Американские специалисты просят быть верно понятыми. Трущобы и развалины можно увидеть повсюду в мире, но не везде причиной образования этих трущоб называют «реформы», не везде ужасающие жизненные условия соседствуют с полным отсутствием либеральных реальных реформ. Что характерно для текущего этапа — это признание того, что «причиной этого жалкого положения является восприятие как идола национального самоопределения, которое продолжает крушить благополучие по всему свету»459. Самое поразительное для наблюдателя то, что в то время, как интеграционные образования типа Европейского Союза пытаются преодолеть государственные барьеры — для увеличения благосостояния, — новые постсоветские государства возводят их с неумолимой силой.
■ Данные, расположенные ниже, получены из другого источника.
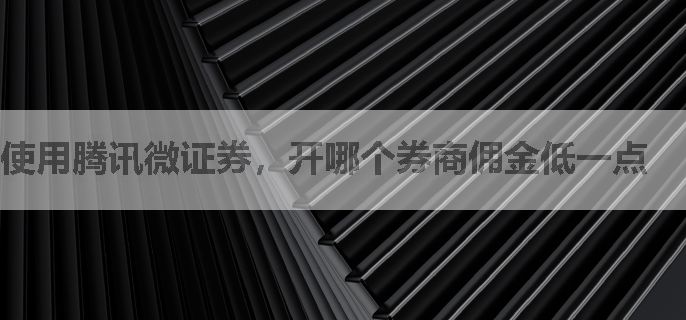 使用腾讯微证券，开哪个券商佣金低一点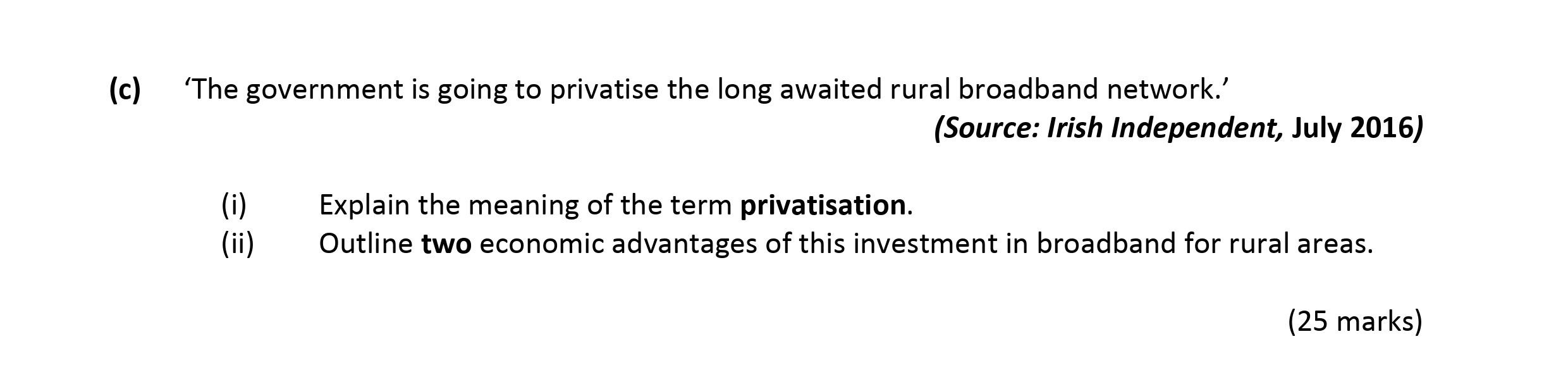 'The-government-is-going-to-privatise-the-long-awaited-rural-broadband-network.'---(Source:-Irish-Independent,-July-2016)----(i)-Explain-the-meaning-of-the-term-privatisation-Leaving Cert Economics-Question c-2017.png
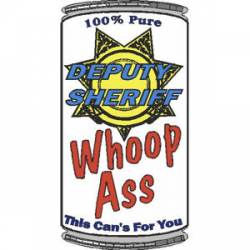 7 Point Star Can Of Deputy Sheriff Whoop Ass - Decal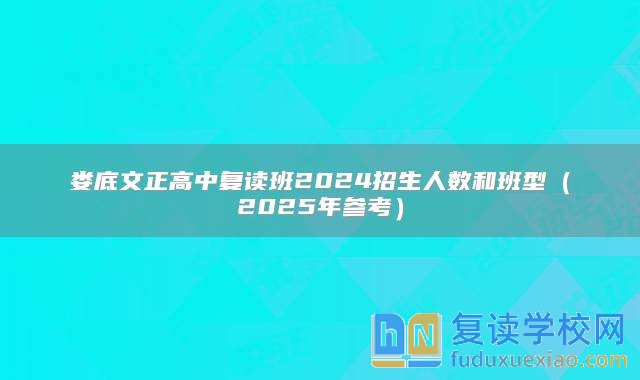 娄底文正高中复读班2024招生人数和班型（2025年参考）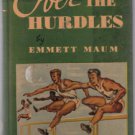 Over THE HURDLES :: 1948 HB by Emmett Maum :: FREE Shipping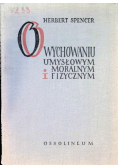 O wychowaniu umysłowym moralnym i fizycznym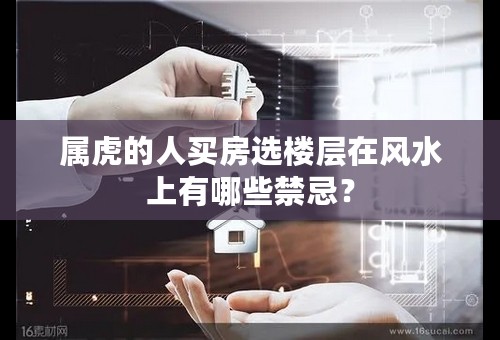 属虎的人买房选楼层在风水上有哪些禁忌？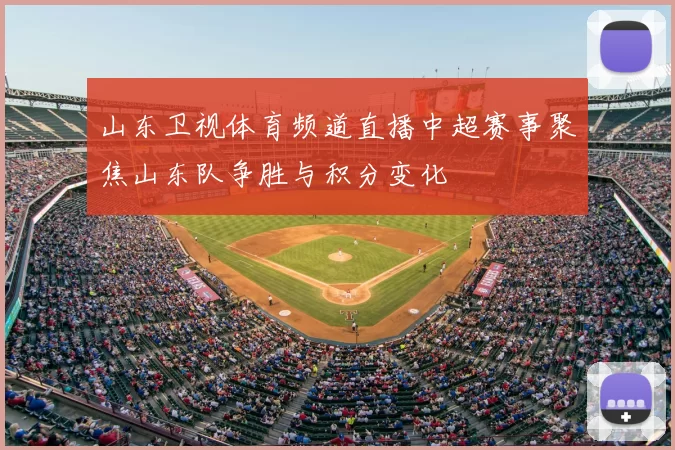 山东卫视体育频道直播中超赛事聚焦山东队争胜与积分变化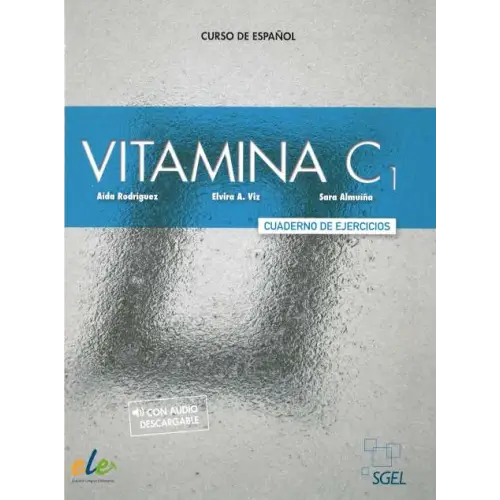 Vitamina c1 cuaderno de ejercicios + descarga mp3 - vitamina c1 cuaderno de ejercicios + descarga mp3 - spaanstalig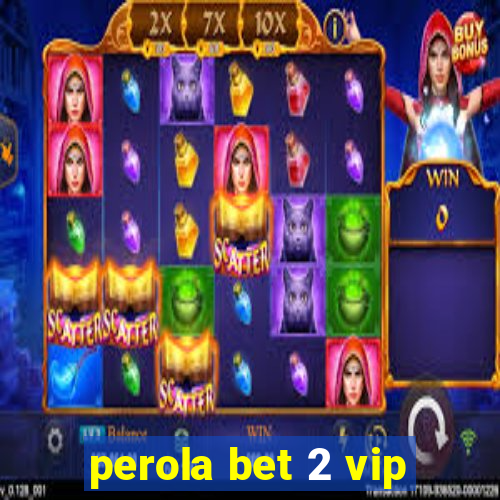 perola bet 2 vip
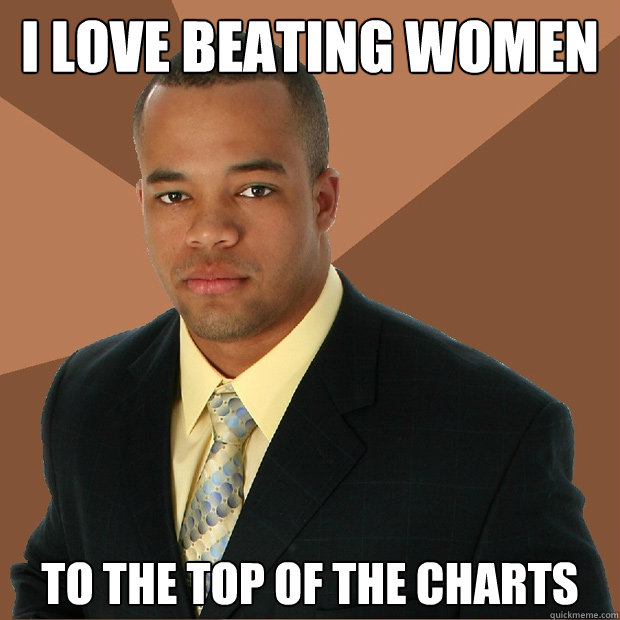 I love beating women to the top of the charts - I love beating women to the top of the charts  Successful Black Man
Утверждать, что Россия не поддается реформированию, значит, отрицать очевидное. Петр Великий ровно триста лет назад начал процесс, в результате которого никто не сомневается в русском гении, в способности России адаптировать любую реальность и достичь вершин в любом из человеческих проявлений. За три века развития Россия единственной из государств Земли никогда не была колонией Запада. Триста лет назад она успешно начала совмещать вестернизацию с модернизацией. Именно тогда, триста лет назад, она создала адекватную своим историческим нуждам военную систему, позволившую ей впоследствии преодолеть Карла XII, Наполеона и Гитлера. Двести лет назад родился Пушкин, после которого умственная жизнь России лишилась вторичности и провинциальности. Сто лет назад начался рекордный экономический подъем России из патриархального состояния на высший технический уровень. В столь актуальной сегодня сфере финансов Россия всегда блистала первоклассными талантами: Канкрин, Бунге, Ройтерн, Вышеградский, Витте, Коковцов. Благодаря им была смягчена боль ударов крымского и дальневосточного поражений, обеспечен индустриальный подъем начиная с 1892 г.
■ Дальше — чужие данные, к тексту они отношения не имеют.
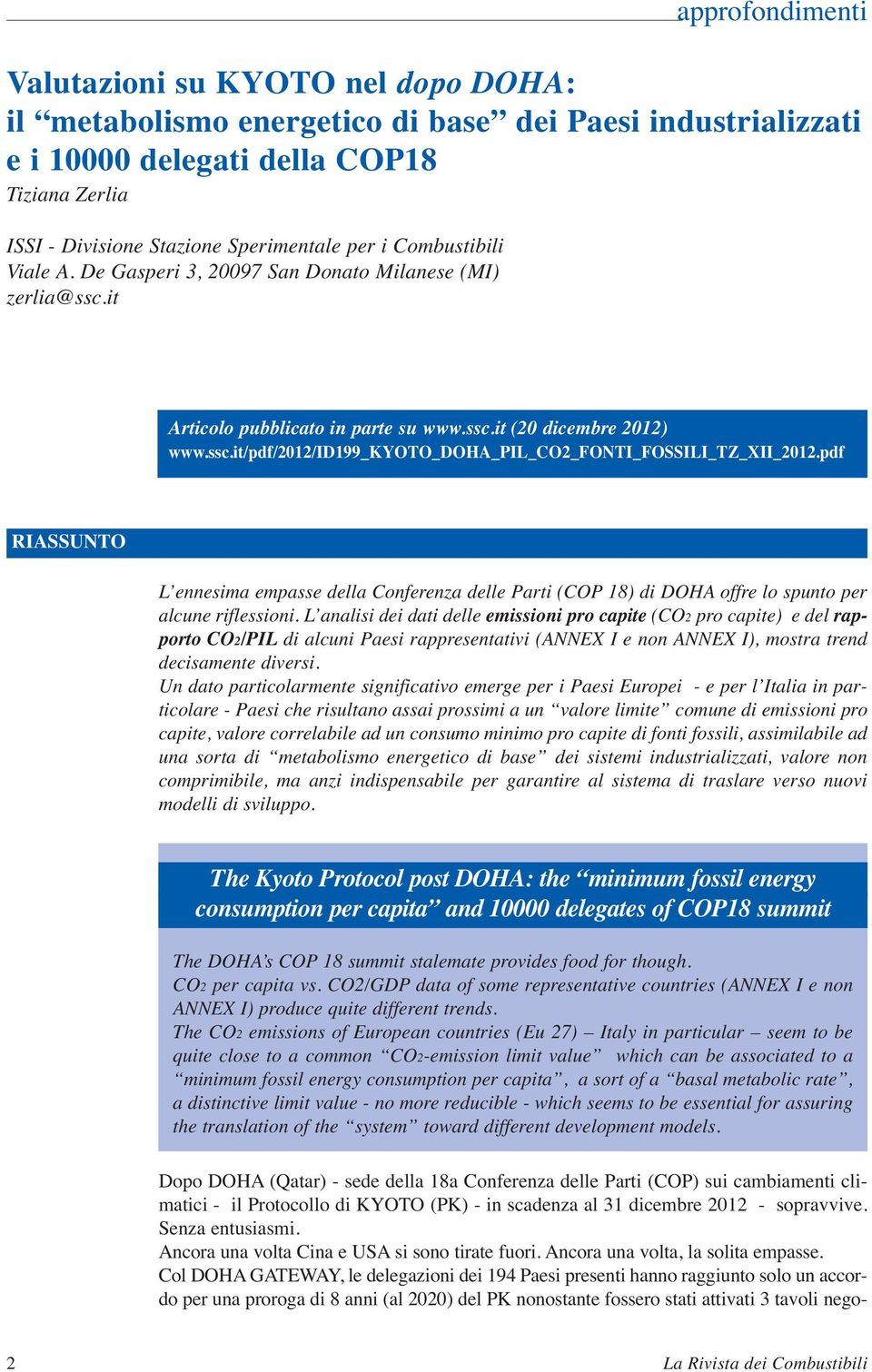 pdf RIASSUNTO L ennesima empasse della Conferenza delle Parti (COP 18) di DOHA offre lo spunto per alcune riflessioni.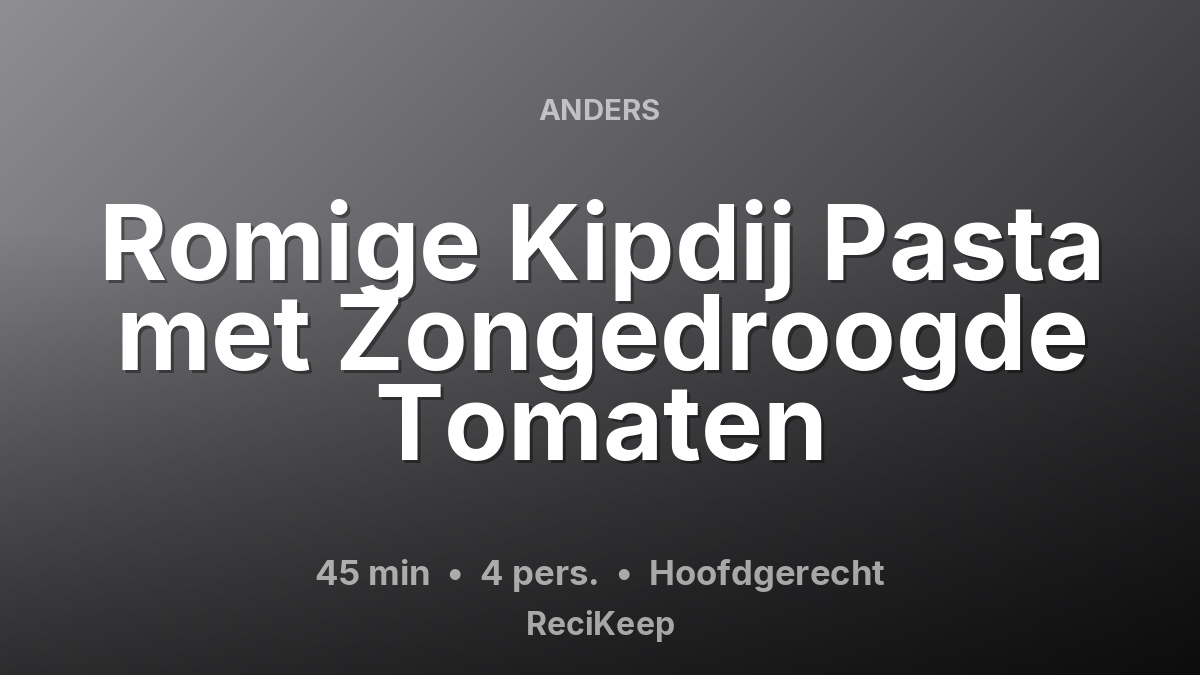 Receptkaart Romige Kipdij Pasta met Zongedroogde Tomaten – Hoofdgerecht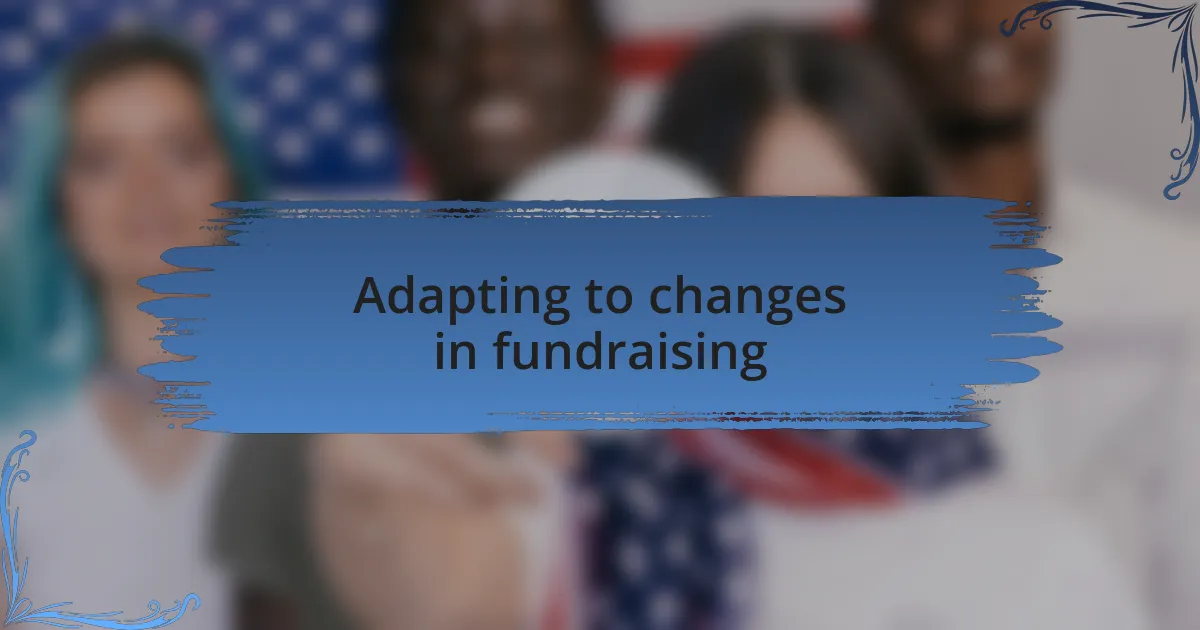 Adapting to changes in fundraising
Но все успешные реформаторы России отличались тем, что осознавали особенности своей страны. Две главные: коллективизм и огромные, трудно связываемые между собой пространства. Отсюда роль государства, исключительно важная во всех развитых странах, но критически необходимая в случае российского варианта реформ. Страна, никогда в своей истории не знавшая самоуправления, нуждалась и нуждается в консолидирующей силе. Здесь не место развернутому историческому анализу, но исключительно важно подчеркнуть, что народы в своем развитии действуют так, как направляют их история и география, как диктует обобщенный итог их общественного развития, их выработанная веками общественная этика. Восточноевропейский набор традиций, обычаев, эмоционального опыта близок западному в той мере, в какой история заставила эти два региона взаимодействовать. Он отдален от Запада в той мере, в какой история Запада была принципиально иной, отличной от истории Восточной Европы. Пренебрежение этим отличием, обращение со своим народом как с некоей абстракцией создало предпосылки неудачи.